The analyst and his team ran exercise modeling highly conservative assumptions around Penn’s land-based casino operations, while removing all value from iGaming and sports wagering from the equation. They discovered that the operator’s traditional gaming assets are attractively valued.
What we realized is, even after taking into account very conservative assumptions across their brick and mortar business and essentially removing all the value around their sports betting/iGaming businesses, we still see considerable value at current levels,” said Wieczynski.
The analyst rates Penn a “buy,” but trimmed his price target to $59 from $73. The new forecast implies almost 39 percent upside from the Jan. 18 close.
Penn Faces Headwinds, But Stock Is Inexpensive
Following a rough 2021 in which it badly trailed the S&P 500 and ranked as one of the worst-performing equities, Penn entered 2022 with some support in the investment community. But it’s also endured multiple price target reductions from analysts since the start of the year.

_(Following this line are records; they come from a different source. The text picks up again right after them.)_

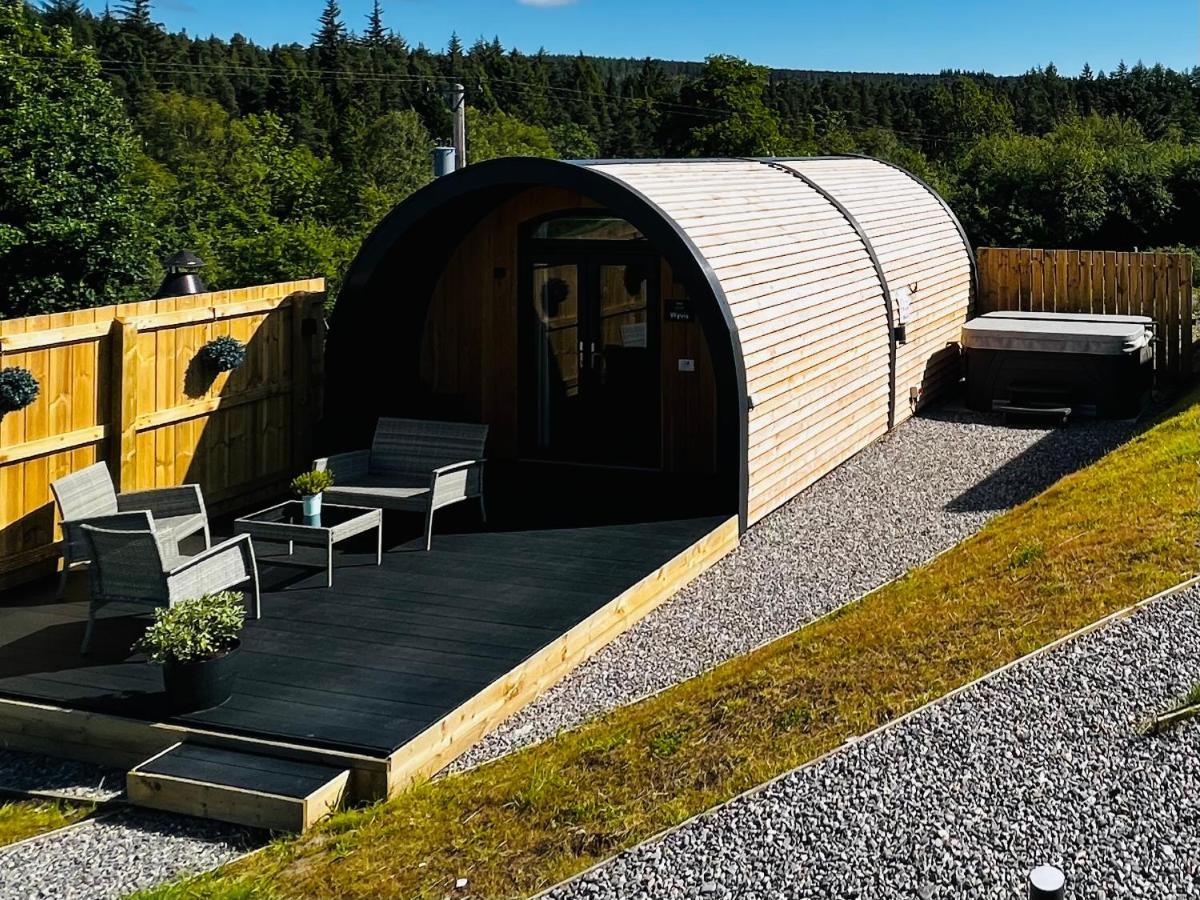 Highland Premier Glamping Pods Villa Beauly Exterior foto
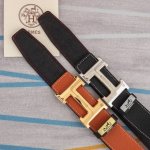 品名：爱马仕.Hermès 材质：原单牛皮腰带 百分百头层牛皮腰带保证真皮，24K纯钢扣，专柜原单品质、做工精细，时尚大牌，送人自用首选 包装： 请认准如图专柜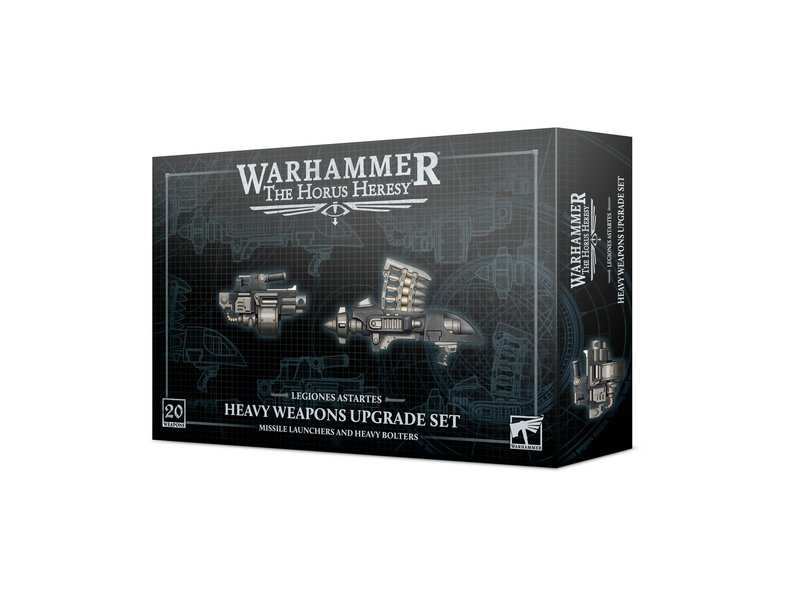 Games Workshop Legiones Astartes - Missile Launchers & Heavy Bolters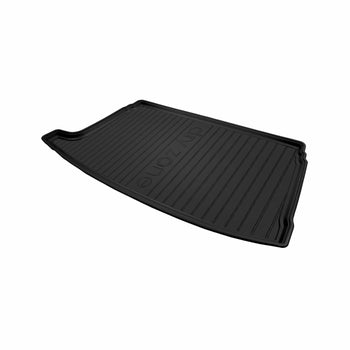 Vasche baule Volkswagen Polo V, carrozzeria hatchback, fabbricazione 05.2009 - 09.2017, bagagliaio con pavimento in posizione inferiore | DZ400825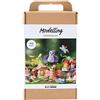 Creativ Company set per modellare i colori pastello degli elfi - creative craft box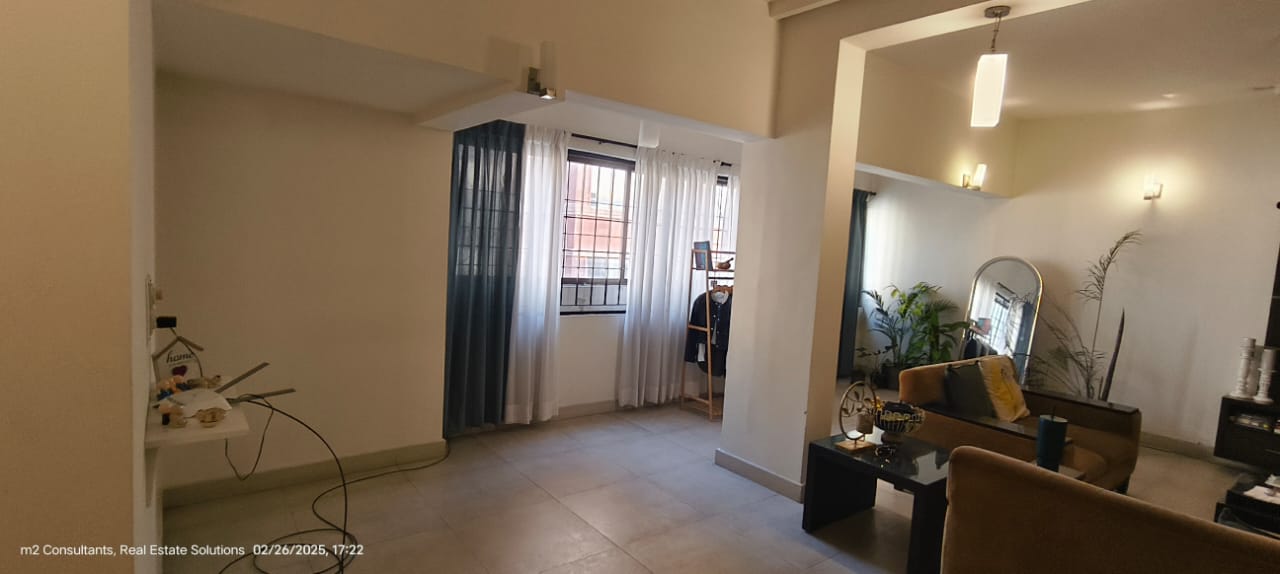 Rental Spacious 2BHK Flat for Rent – MG Road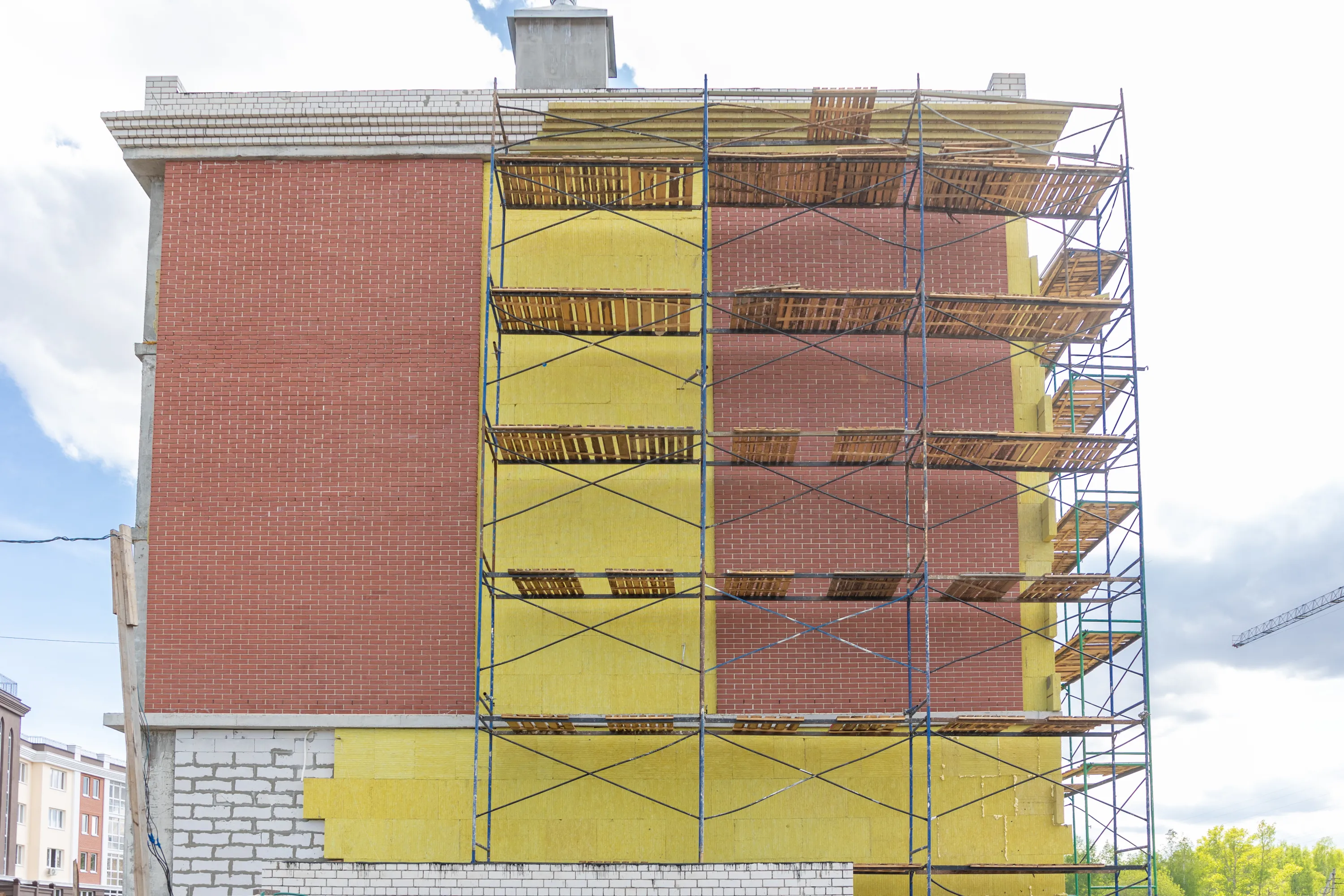 ЖК Ватсон ход строительства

Much of the apprehension surrounding Penn stock stems from market participants adjusting expectations for sports wagering, and a growing disdain for operators that are losing money in the space. As the domestic sports wagering landscape evolves, it’s becoming clear operators face large capital expenditures to attract customers, and Wall Street is increasingly prioritizing profitability.
For its part, Penn isn’t spending heavily on marketing, opting to leverage the Barstool Sports brand to lure new sports bettors into the fold. Additionally, as the largest regional casino operator, Penn has avenues for generating cash and offsetting weakness in internet gaming.
“In our opinion, current trading levels ascribe zero value for PENN’s online sports betting/iGaming long-term opportunities,” adds Wieczynski. “We actually like this, given our negative view around the long-term prospects for OSB/iGaming, and we think investors are finally starting to understand the headwinds that are going to be in place for some time around these businesses. We continue to focus on PENN’s core brick and mortar business and believe investors should do the same.”
Too Interesting to Ignore
The Stifel analyst says Penn’s land-based casino business is worth $50 to $55 a share. At $52.50 — the midpoint of that range — that implies the stock is worth nearly 22 percent more than where it closed today.
Any upside derived from the company’s iGaming/sports betting operations would be icing on that cake, indicating that business is essentially a call option added to the broader Penn stock thesis.
“The risk/reward at current levels is too compelling to pass up, in our opinion,” observes Wieczynski. “While the near-term could be choppy until estimates get revised lower and settle closer to us, we expect as we move into the middle of the year and casino property visitation and spend levels remain elevated, investors will start to revisit the PENN story.”